Goodrich Petroleum president shares Tuscaloosa Marine Shale plans


It would be tough not to notice the action heating up in the little-known Tuscaloosa Marine Shale as Houston energy companies have been scooping up assets in the Louisiana-Mississippi basin.
Houston-based Goodrich Petroleum Corp. (NYSE: GDP) has led the way into the Tuscaloosa. Goodrich has been there for almost three years, diligently drilling to prove out the hydrocarbons and lowering the cost to drill along the way.
During the past 18 months, the company has expanded its footprint there, buying Oklahoma City-based Devon Energy Corp.’s (NYSE: DVN) 185,000 acres, which made it the largest leaseholder in the basin. The net cost comes out to about $245 per acre, according to information from Goodrich.
Rob Turnham Jr., president of Goodrich, explained some of the economics behind the Tuscaloosa in a recent interview.
In the early days of the Eagle Ford, a company could buy an acre for $2,000. Now that the play’s reserves have been proven, the price has shot up to $25,000 per acre.
“That’s our model” for the Tuscaloosa Marine Shale, he said, adding that at just $5,000 per acre, the value of Goodrich’s position in the Tuscaloosa would be about $1.6 billion. That would put shares of Goodrich at close to $45 each.
As of closing time Sept. 4, Goodrich shares were trading at $23.50 a piece, up more than 5 percent from the previous day.
“It’s significant, there’s no question, to the potential value to the company,” he said. “Even at the lower price per acre, it’s significant for the company and the shareholders.”
And as the cost of drilling in the Tuscaloosa goes down, the economic benefit climbs up. Over time, the drilling can happen faster, which reduces costs.
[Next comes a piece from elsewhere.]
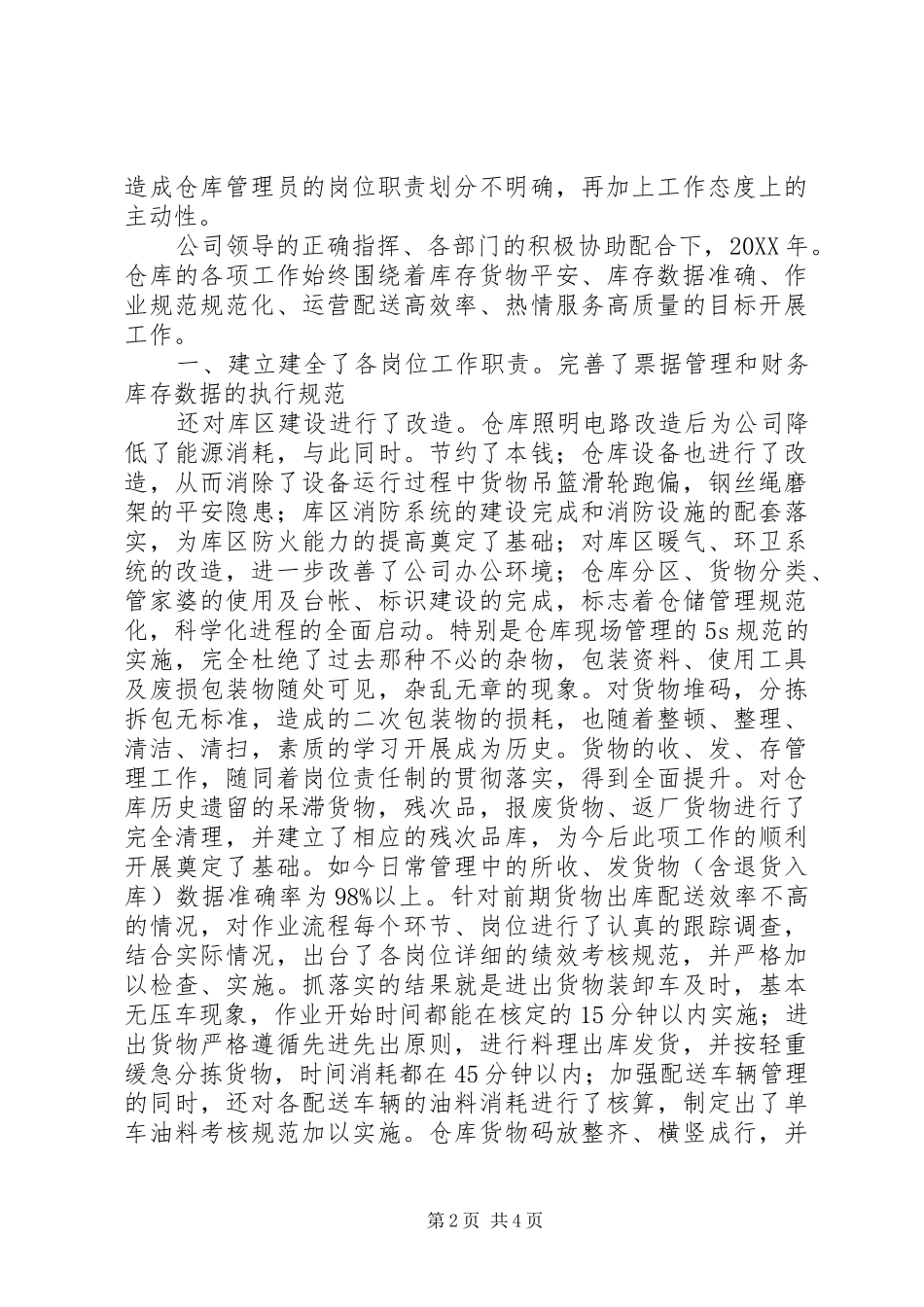 2024年公司库房工作述职述廉小结_第2页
Also, pad drilling, in which several wells are drilled from a single concrete pad site, speeds along the process and makes it more cost efficient — saving as much as $1.5 million per well, he said.
Turnham explained that the Eagle Ford and the Tuscaloosa are the same geologic age and share similar characteristics.
“Give us a year or so, and we should be well on our way to driving the cost to $10 million” per well, he said.
One thing the plays in Louisiana and Mississippi have as a benefit that the Eagle Ford does not is a severance tax incentive policy. As Turnham explained, during the first two years of drilling in Louisiana, there is no severance tax on the sale of the oil produced. The kicker, though, is that the Louisiana tax shoots up to 12 percent after two years. Mississippi has a rate of about 1.3 percent for the first 30 months of production, he said. In Texas, the rate is 6 percent.

7 comments:

  1. Just how realistic is that $25,000 per acre in Amite county? When could someone expect to see those kind of numbers here?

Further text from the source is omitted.